No caso de um adulto que não goste ou não queira ir trabalhar numa escola, pegando o mesmo gancho, surgem um milhão de reclamações:

— Ah, eu detesto acordar cedo;

— Estou com sono;

— Não suporto esse trânsito;

— O ônibus está lotado;

— Ninguém deu bom dia...

E por aí vai. Viram a diferença?

As crianças, diferentemente dos adultos, aceitam seu destino sem reclamar, apenas expõem suas vontades. Não há escolha para os pequenos. É preciso ir para o seu destino, sentar a bunda na cadeira dura, se manter acordado por quatro horas estudando matérias que muitas vezes não gosta, tendo apenas 15 minutos de intervalo. A vida da criança não é fácil, principalmente porque ela não tem outra opção.
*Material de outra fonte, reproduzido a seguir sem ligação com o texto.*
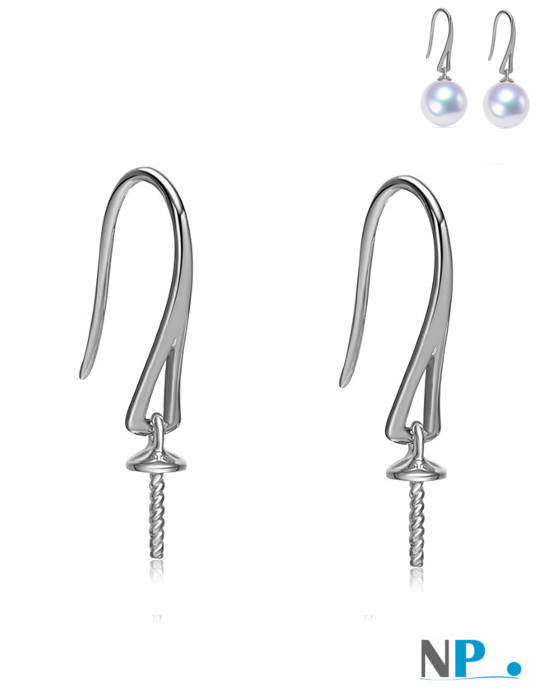 Paire de montures pour Boucles d'oreilles en Or Gris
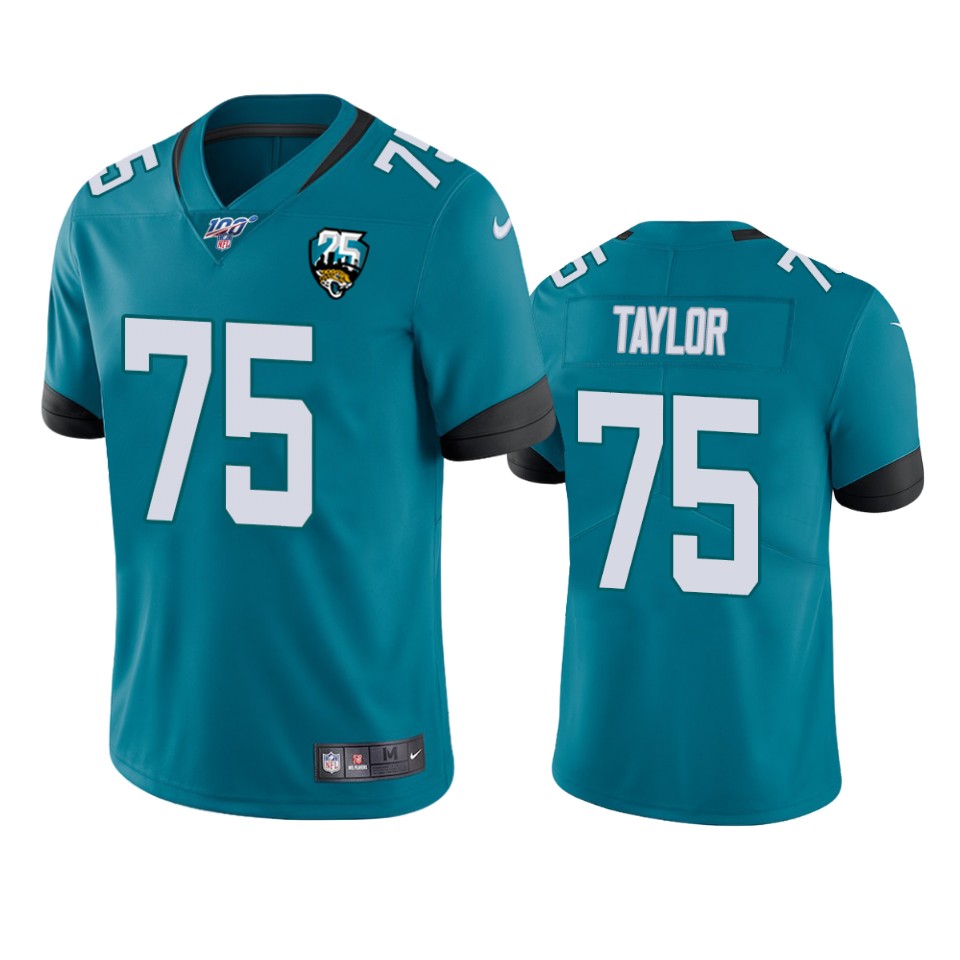 Men Nike Jacksonville Jaguars #75 Jawaan Taylor Teal 25th Anniversary Vapor Limited Stitched NFL 100th Season Jersey->jacksonville jaguars->NFL Jersey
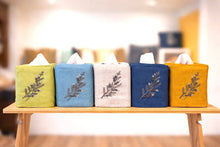 Load image into Gallery viewer, Mustard Color Linen Tissue Box Covers- Hand Embroidered
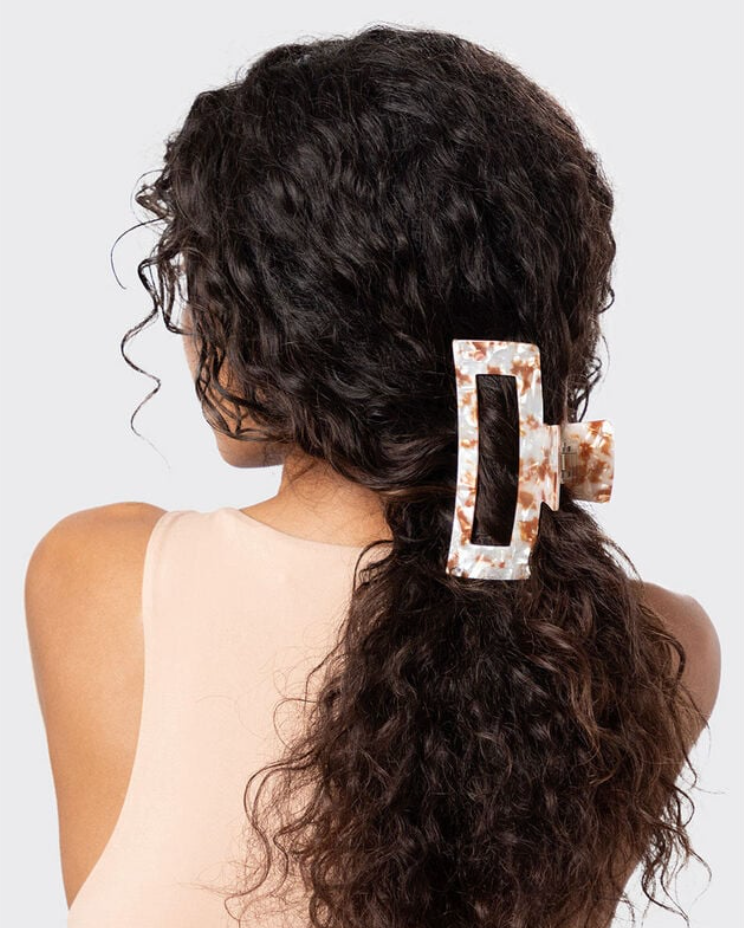 White & Brown Claw Clip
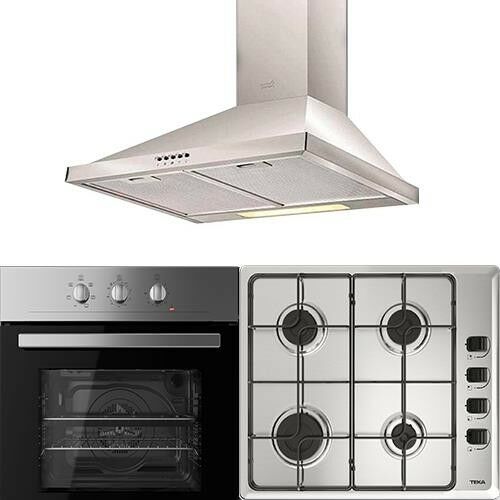 Teka Ankastre Inox Set, CHEF 1, HE 715 SS Ankastre Fırın, HLX 640 Ankastre Ocak, DF 60 Davlumbaz, Inox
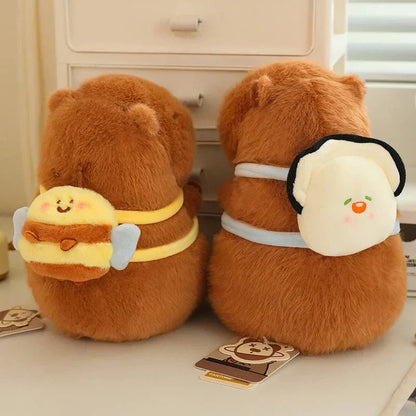 Cute Capybara Plush Toy with Mini Backpack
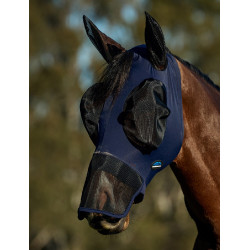 Máscara antimoscas WeatherBeeta ComFiTec Luxe Stretch con orejas y hocico marine, contrastes noirs Azul
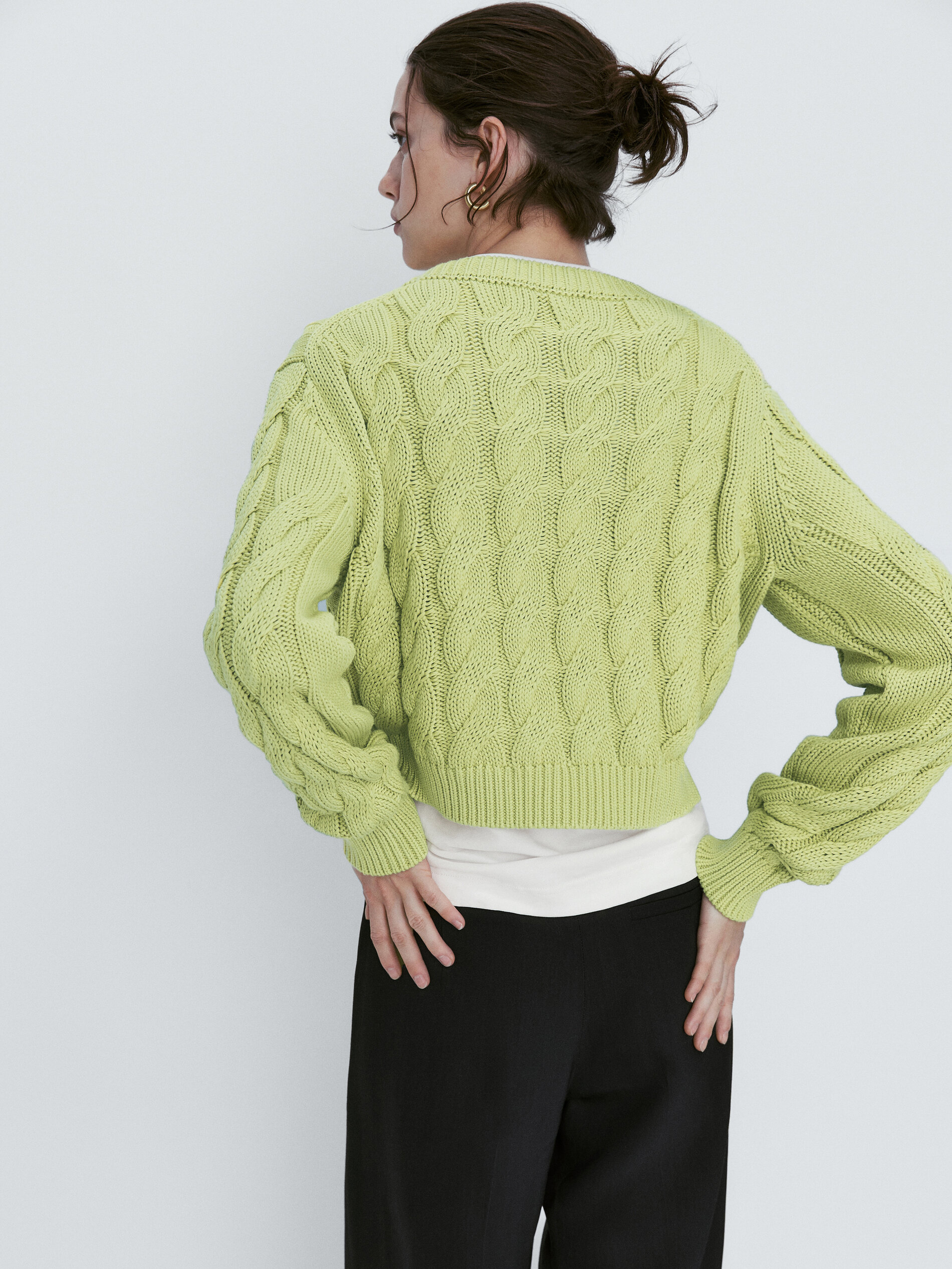 Jersey punto trenzado cropped - VERDE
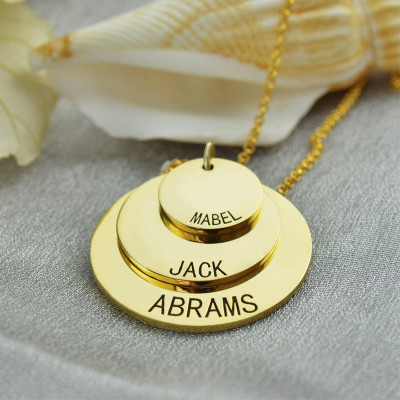 Personalised Necklaces - Disc Necklace With Kids Name For Mom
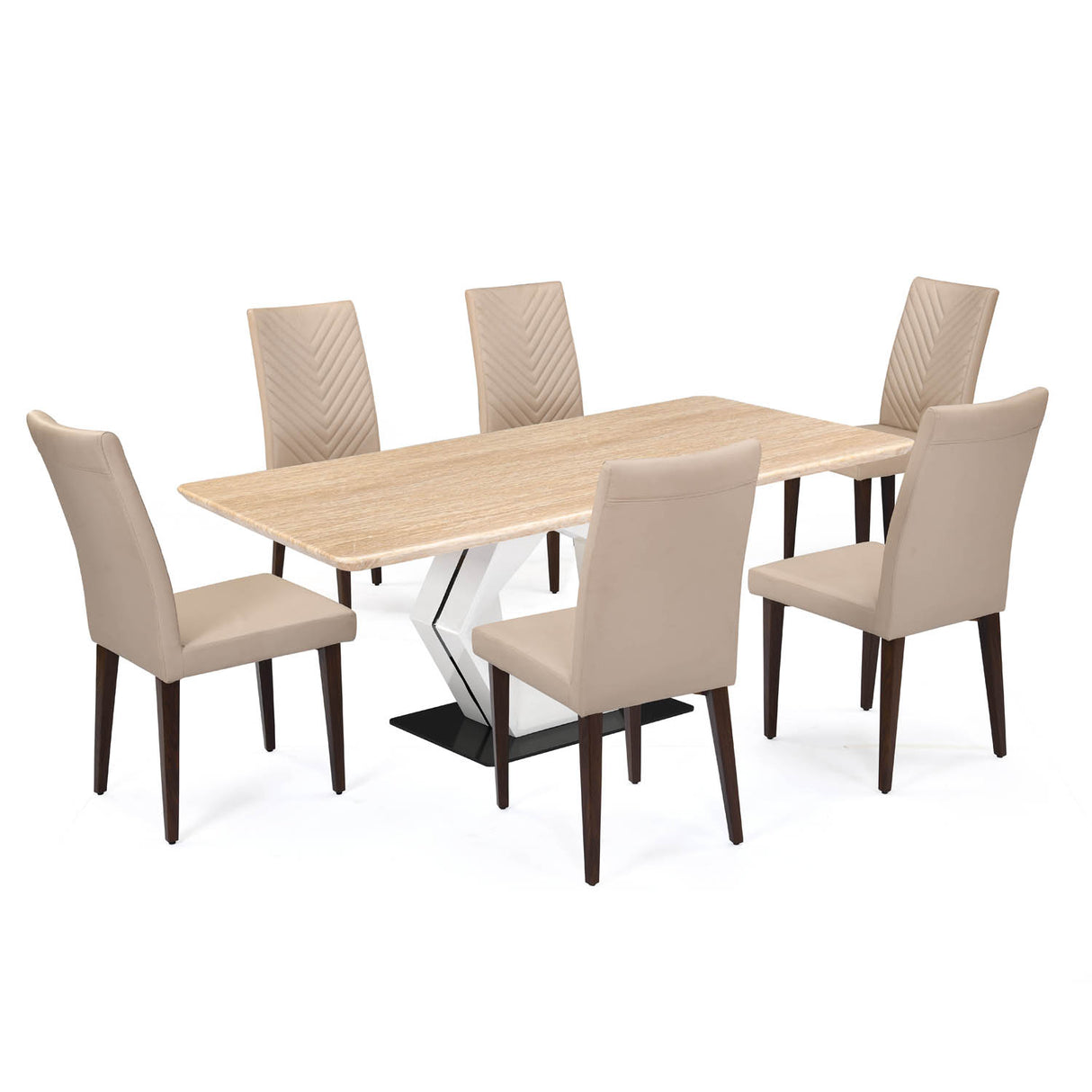 6 Seater Trava Marble Dining Set with Hexin Base and Linzy Chairs- Travertine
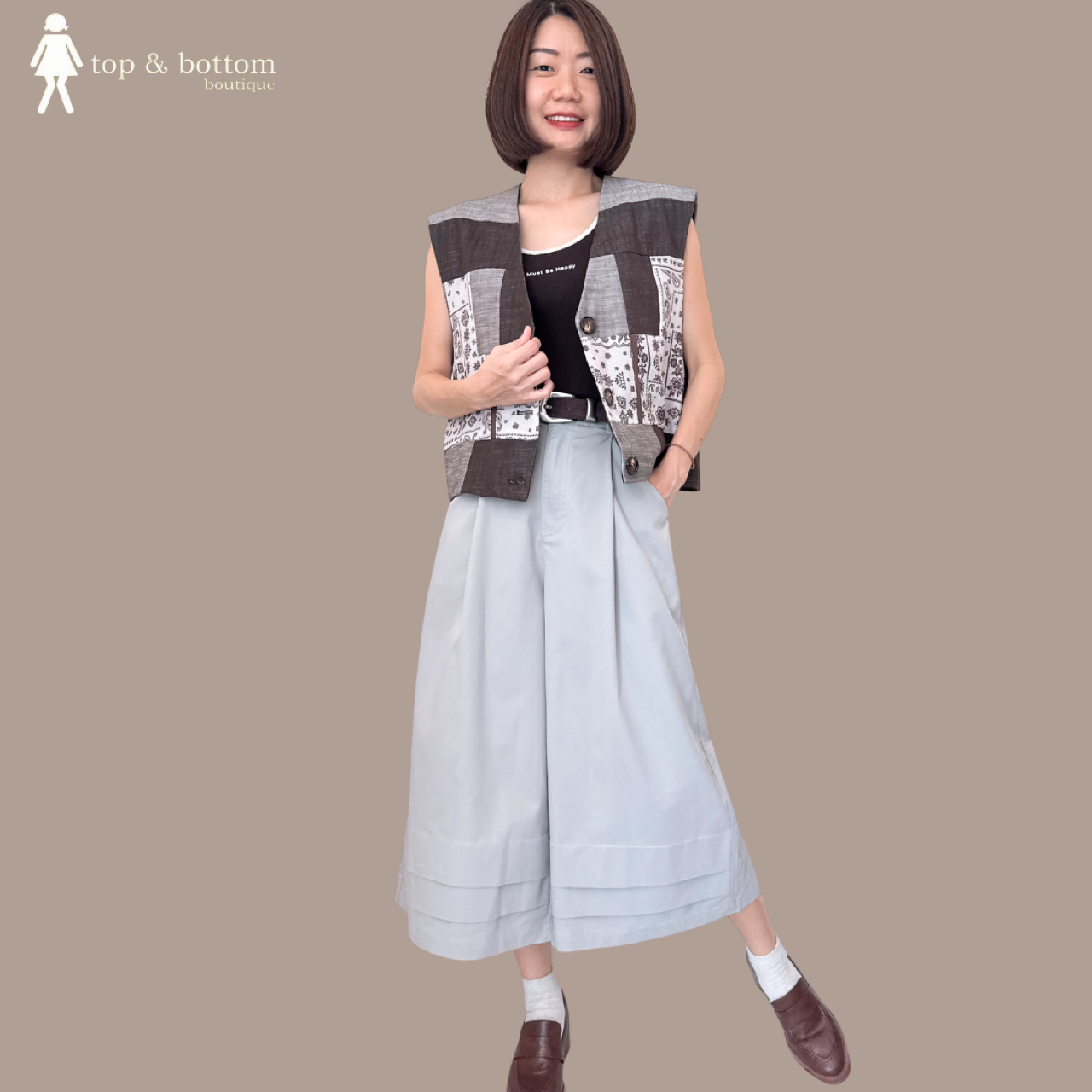 ELASTIC WAISTED COTTON WIDE LEG ANKLE PANT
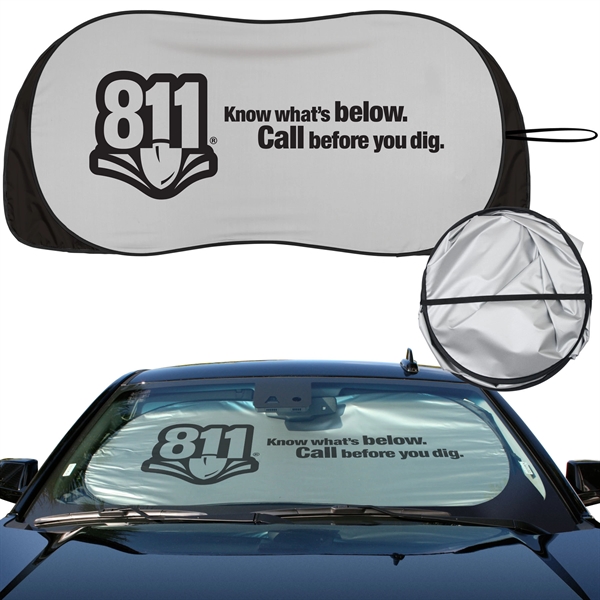New patented, contoured flap design, single loop collapsible sunshade 24" x... from ASI 37586 Auto-Sun-shade/Intertek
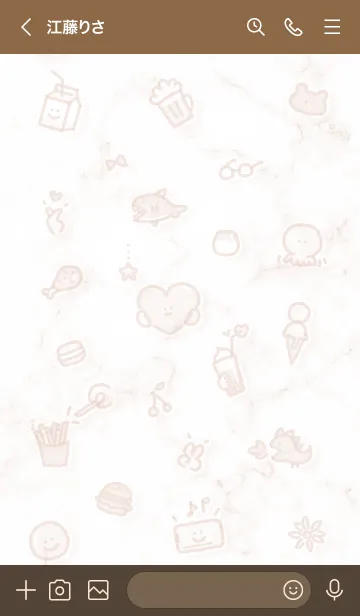 [LINE着せ替え] シンプルなアイコン26♥ピンクブラウン12_1の画像3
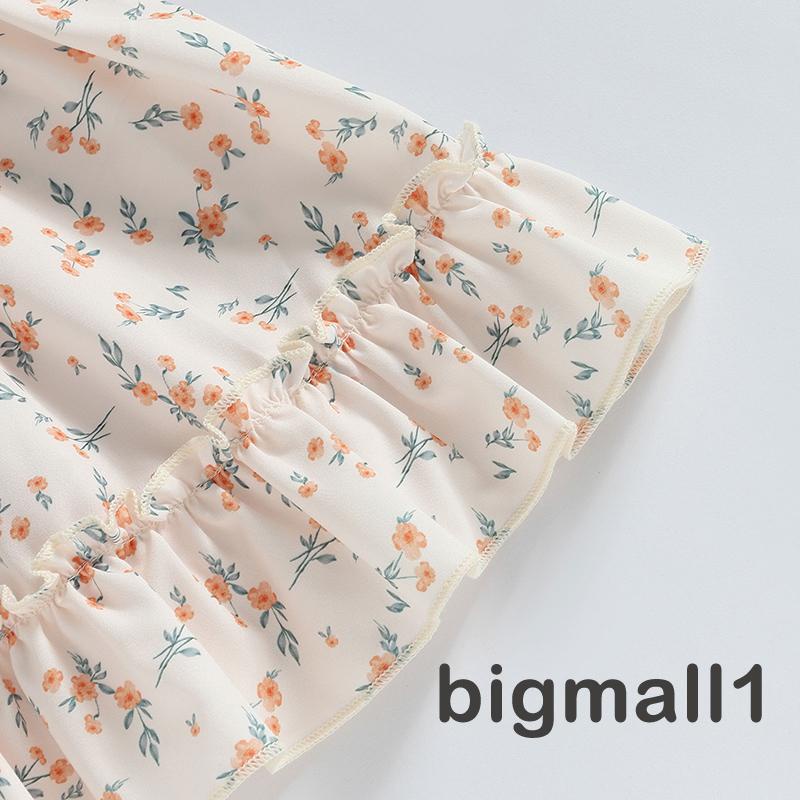 Set Áo Hở Vai + Chân Váy Hoa Kèm Thắt Lưng Xinh Xắn Cho Bé Gái 1-6 Tuổi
Para o adulto, sempre há. Pode optar por lecionar para outra turma, trocar de escola, mudar a rota, propor uma atividade diferente ou, por fim, lutar para conseguir outro emprego, até mesmo em uma área que nada tenha a ver com a escola.

A liberdade de escolha vem junto com a liberdade de reclamação.

Reclamar é um ato legítimo. É um luxo dos adultos. Para os pequenos, resta apenas aceitar sua condição, sem reclamações. Que dureza. Se fosse no mundo das pessoas grandes, choveriam processos. O que é, aliás, um meio “legal” de reclamar.